Reputation: 167
This question is similar to other problems with very large data in R, but I can't find an example of how to merge/join and then perform calculations on two dfs (as opposed to reading in lots of dataframes and using mclapply to do the calculations). Here the problem is not loading the data (takes ~20 min but they do load), but rather the merging & summarising.
I've tried all data.table approachesI could find, different types of joins, and ff, and I still run into the problem of vecseq limits 2^31 rows. Now I'm trying to use multidplyr to do it in parallel, but can't figure out where the error is coming from.

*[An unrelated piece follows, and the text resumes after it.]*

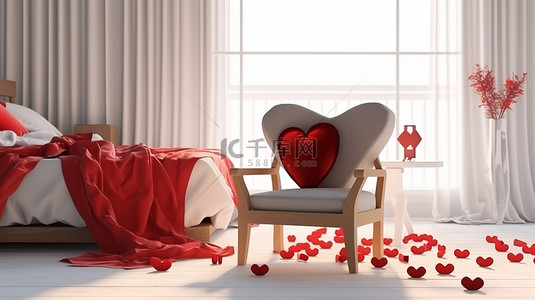 浪漫的情人节装饰红心装饰床，配有舒适的椅毯和枕头 3D 渲染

Dataframes: species_data # df with ~ 65 million rows with cols <- c("id","species_id") lookup # df with ~ 17 million rows with cols <- c("id","cell_id","rgn_id") Not all ids in the lookup appear in the species_data
## make sample dataframes:
lookup <- data.frame(id = seq(2001,2500, by = 1),
cell_id = seq(1,500, by = 1),
rgn_id = seq(801,1300, by = 1))
library(stringi)
species_id <- sprintf("%s%s%s", stri_rand_strings(n = 1000, length = 3, pattern = "[A-Z]"),
pattern = "-",
stri_rand_strings(1000, length = 5, '[1-9]'))
id <- sprintf("%s%s%s", stri_rand_strings(n = 1000, length = 1, pattern = "[2]"),
stri_rand_strings(n = 1000, length = 1, pattern = "[0-4]"),
stri_rand_strings(n = 1000, length = 1, pattern = "[0-9]"))
species_data <- data.frame(species_id, id)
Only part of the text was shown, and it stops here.